(Requirement): No picture should appear in the copy. Transcribe exactly, and only, the lines from the one with "Sealey Superline Pro" through the last line of the data below.

(Supplied entries):
# # # # #

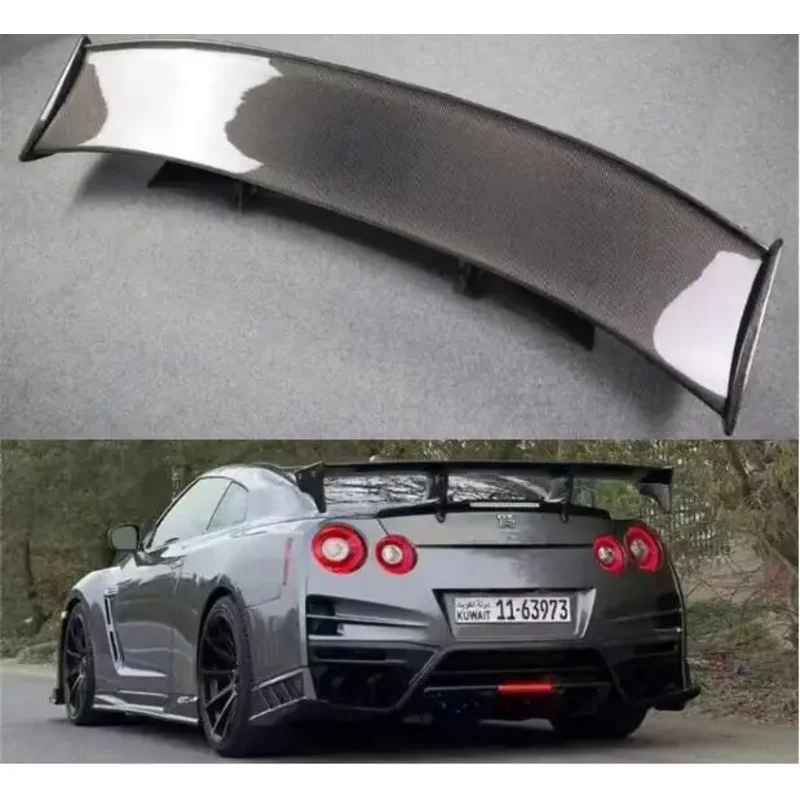 

Для Nissan GTR R35 2008-2023 Настоящее углеродное волокно автомобильное заднее крыло багажника губа спойлер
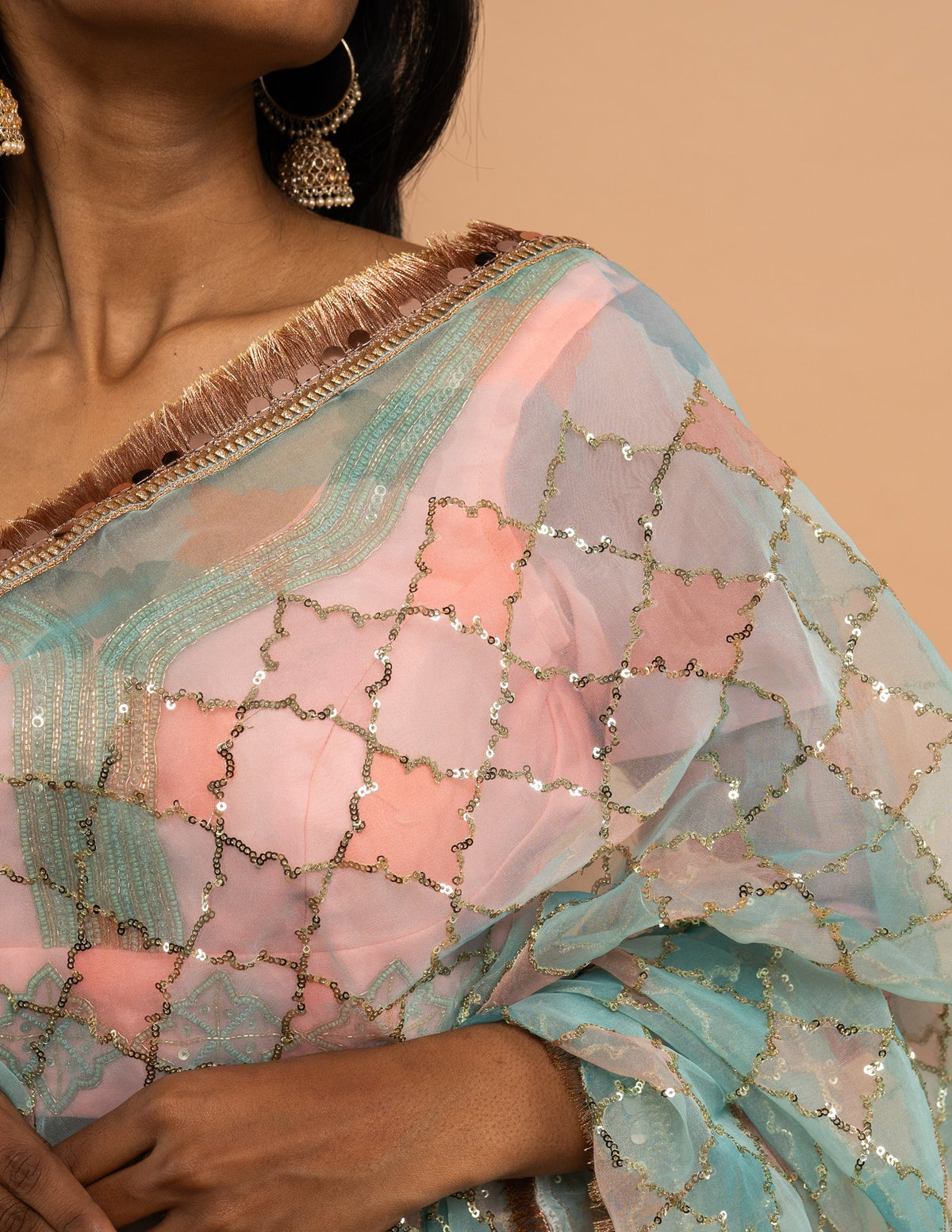 Pink lehenga with pastel sequin dupatta – Organza silk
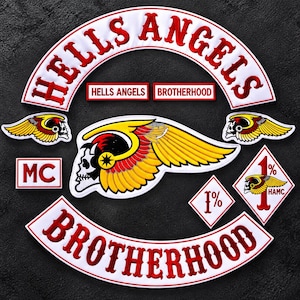 Set di toppe ricamate della confraternita Hells Angels, toppe per gilet da MC con teschio alato (10 pezzi)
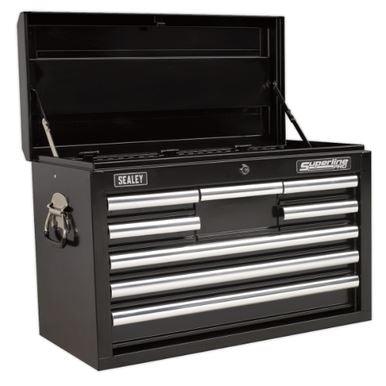 Sealey Superline Pro Topchest 8 Drawer with Ball-Bearing Slides - Black AP33089B - Tools 2U Direct SW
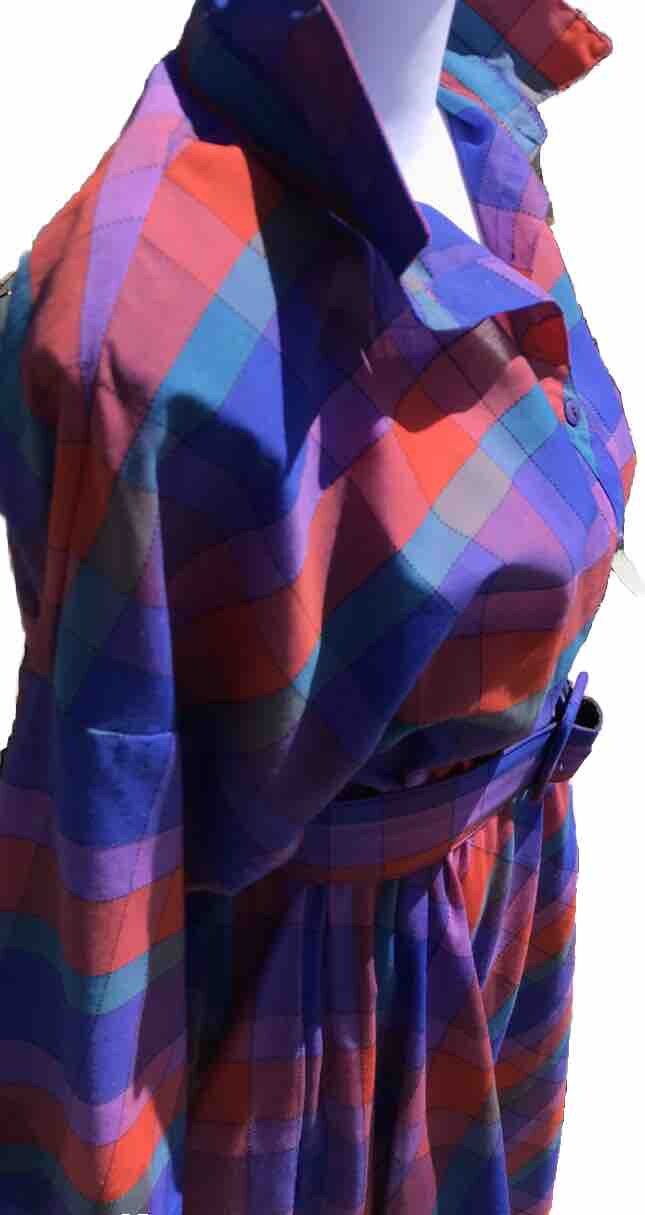 Vtg 80’s AMERICAN SHIRT DRESS Women’s M L 13 Geo Color Block Belted Shldr Pads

# # # # #

(Exercise output):
 Sealey Superline Pro Topchest 8 Drawer with Ball-Bearing Slides - Black AP33089B - Tools 2U Direct SW
 Vtg 80’s AMERICAN SHIRT DRESS Women’s M L 13 Geo Color Block Belted Shldr Pads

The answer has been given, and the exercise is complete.